## Work to be completed
Only one range belongs in the answer: the line holding "this 474×324 image." through the last line of the records, reproduced as is.
─── Dataset entries ───
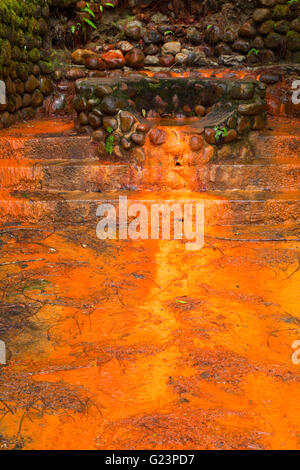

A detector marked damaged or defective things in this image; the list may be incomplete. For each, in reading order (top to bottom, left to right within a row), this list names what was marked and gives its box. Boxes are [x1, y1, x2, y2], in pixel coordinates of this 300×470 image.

rusty orange water [0, 117, 298, 448]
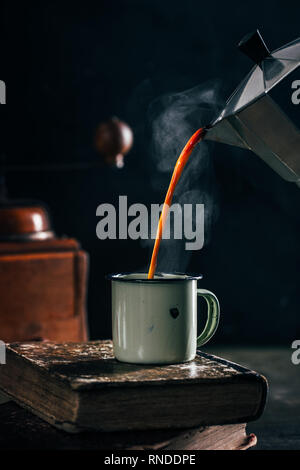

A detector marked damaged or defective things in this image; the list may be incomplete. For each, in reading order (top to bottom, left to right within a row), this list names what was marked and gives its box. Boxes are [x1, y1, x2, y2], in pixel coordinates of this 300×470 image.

chipped enamel mug [106, 272, 219, 364]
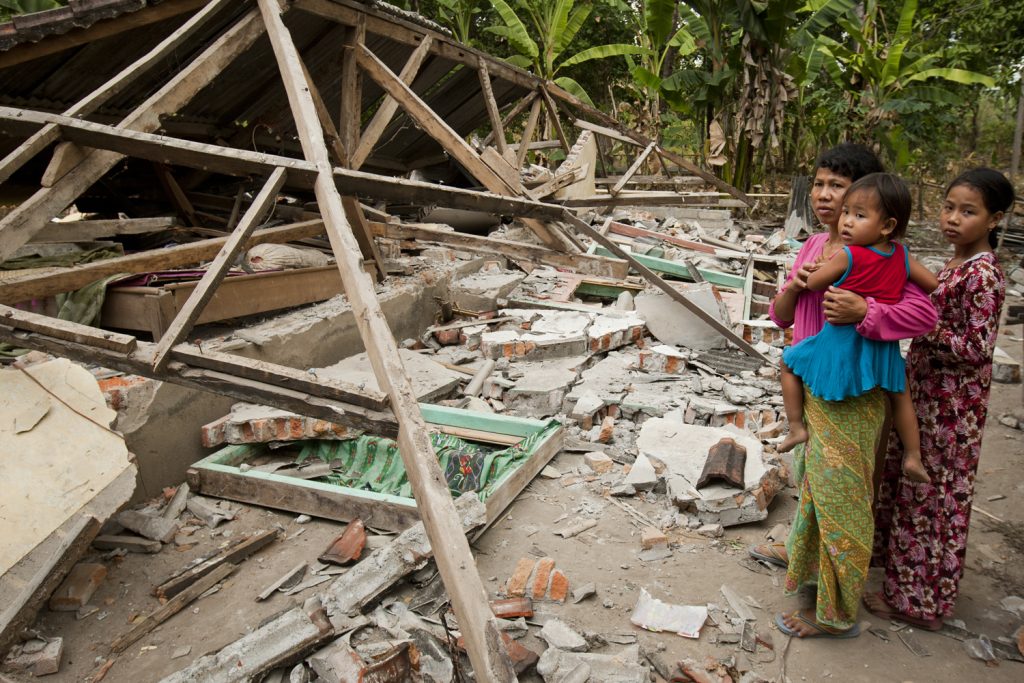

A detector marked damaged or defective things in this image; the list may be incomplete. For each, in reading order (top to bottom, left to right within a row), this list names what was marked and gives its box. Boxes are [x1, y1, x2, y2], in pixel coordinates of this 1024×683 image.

broken wooden slat [0, 0, 228, 184]
broken wooden slat [0, 9, 268, 264]
broken wooden slat [352, 34, 432, 169]
broken wooden slat [479, 57, 512, 154]
broken wooden slat [606, 141, 655, 196]
broken wooden slat [1, 307, 137, 356]
broken wooden slat [30, 218, 176, 244]
broken wooden slat [0, 219, 323, 305]
broken wooden slat [149, 168, 284, 374]
broken wooden slat [253, 3, 512, 679]
broken wooden slat [366, 223, 622, 278]
broken wooden slat [561, 211, 770, 362]
broken concrete slab [630, 282, 737, 350]
broken concrete slab [638, 419, 782, 528]
broken wooden slat [111, 565, 234, 655]
broken wooden slat [154, 528, 276, 598]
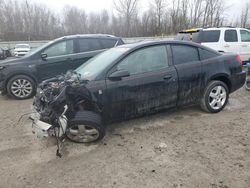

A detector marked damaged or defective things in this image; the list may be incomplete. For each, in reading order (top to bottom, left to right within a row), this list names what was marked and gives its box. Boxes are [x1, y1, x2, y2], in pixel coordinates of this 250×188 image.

crashed black car [31, 40, 246, 144]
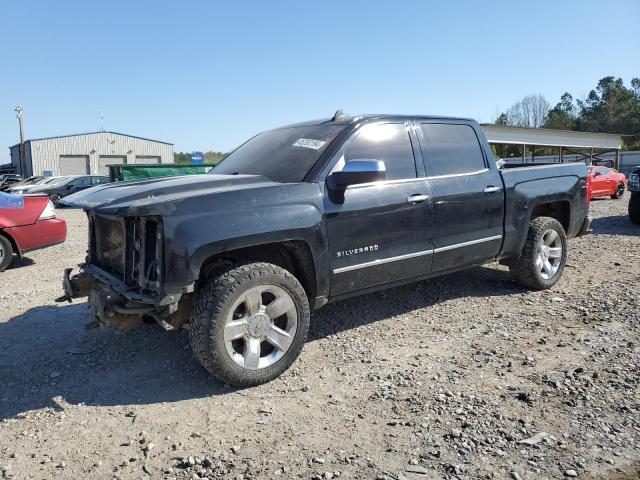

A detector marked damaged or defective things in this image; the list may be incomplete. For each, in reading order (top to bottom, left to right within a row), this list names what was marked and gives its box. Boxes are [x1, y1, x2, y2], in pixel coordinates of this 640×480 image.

damaged front bumper [57, 264, 188, 332]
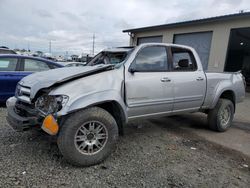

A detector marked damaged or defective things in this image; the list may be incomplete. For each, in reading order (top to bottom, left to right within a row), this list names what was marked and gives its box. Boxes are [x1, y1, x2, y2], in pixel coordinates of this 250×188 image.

crumpled hood [19, 64, 113, 99]
crashed front end [6, 83, 67, 135]
broken headlight [35, 94, 68, 114]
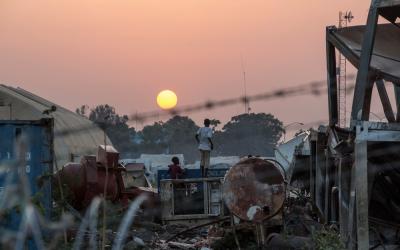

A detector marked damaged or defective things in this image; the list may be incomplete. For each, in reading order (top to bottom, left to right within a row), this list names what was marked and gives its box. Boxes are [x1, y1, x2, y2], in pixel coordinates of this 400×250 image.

rusty metal tank [222, 158, 284, 223]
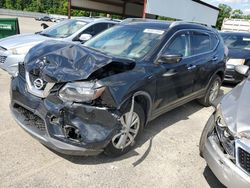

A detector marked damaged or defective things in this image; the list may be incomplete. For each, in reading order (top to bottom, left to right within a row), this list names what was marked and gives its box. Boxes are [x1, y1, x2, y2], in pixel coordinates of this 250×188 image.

crumpled hood [0, 33, 49, 49]
crumpled hood [24, 40, 135, 82]
broken headlight [58, 82, 105, 103]
damaged black suv [10, 19, 226, 156]
broken headlight [215, 105, 236, 158]
crumpled hood [222, 76, 250, 135]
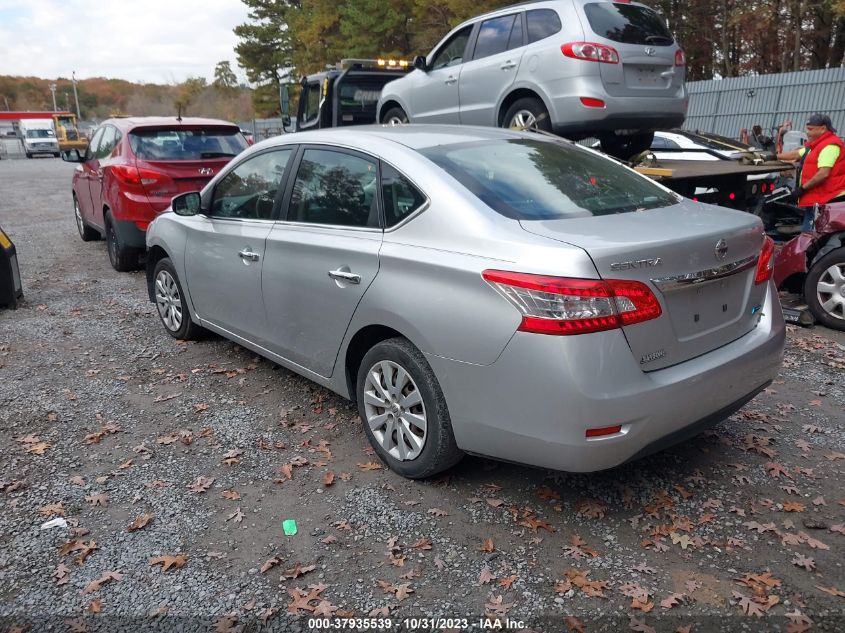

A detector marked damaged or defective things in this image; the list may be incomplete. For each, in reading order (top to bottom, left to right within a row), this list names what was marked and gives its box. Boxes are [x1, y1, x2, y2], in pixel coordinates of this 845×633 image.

maroon damaged car [61, 117, 247, 270]
maroon damaged car [772, 201, 844, 330]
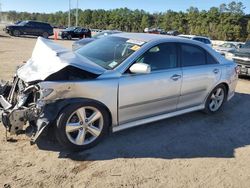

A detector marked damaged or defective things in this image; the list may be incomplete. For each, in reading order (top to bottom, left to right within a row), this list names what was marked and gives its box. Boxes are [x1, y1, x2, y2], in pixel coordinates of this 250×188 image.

crumpled hood [17, 37, 105, 82]
damaged front bumper [0, 77, 50, 143]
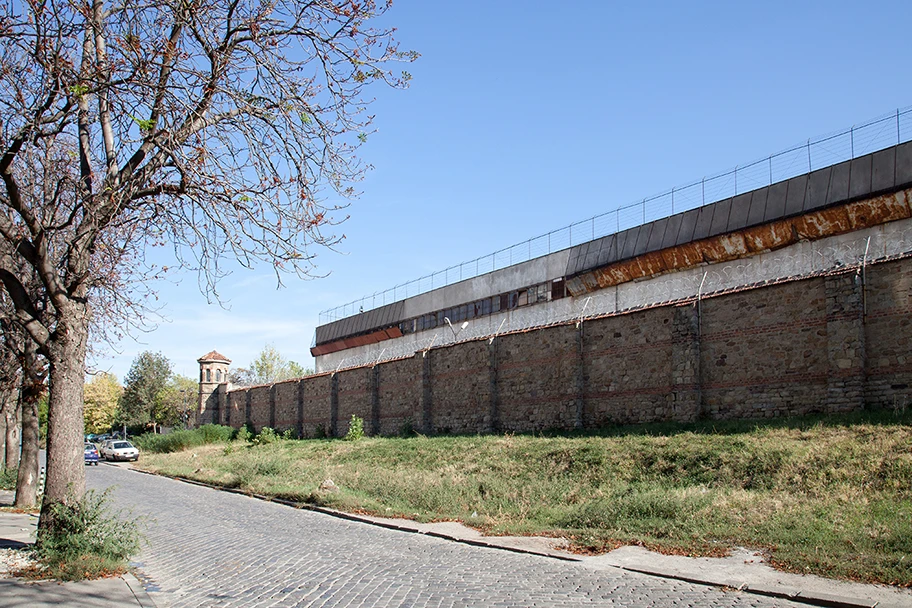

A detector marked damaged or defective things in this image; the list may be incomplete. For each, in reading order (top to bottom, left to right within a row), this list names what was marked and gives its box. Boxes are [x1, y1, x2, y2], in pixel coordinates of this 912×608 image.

rusty metal panel [784, 175, 804, 217]
rusty metal panel [804, 167, 832, 213]
rusty metal panel [868, 148, 896, 192]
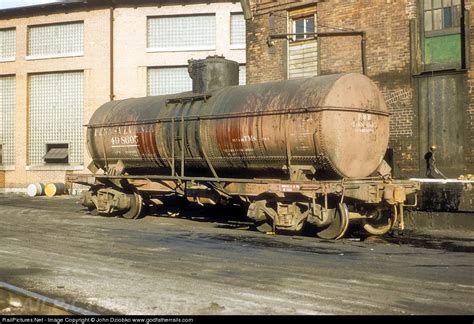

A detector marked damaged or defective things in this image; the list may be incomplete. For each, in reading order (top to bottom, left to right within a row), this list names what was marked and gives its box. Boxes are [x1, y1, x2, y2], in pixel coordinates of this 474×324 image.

rusted metal surface [88, 73, 388, 180]
rusty tank car [70, 55, 418, 239]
───
## Output for this exercise
A detector marked damaged or defective things in this image; the list may be incomplete. For each, in reading order (top to bottom, left to right within a row), this list names what was marked and gives its box. Boxes are [x1, y1, x2, y2], in pixel coordinates of this 474×324 image.

rusted metal surface [88, 73, 388, 180]
rusty tank car [70, 55, 418, 239]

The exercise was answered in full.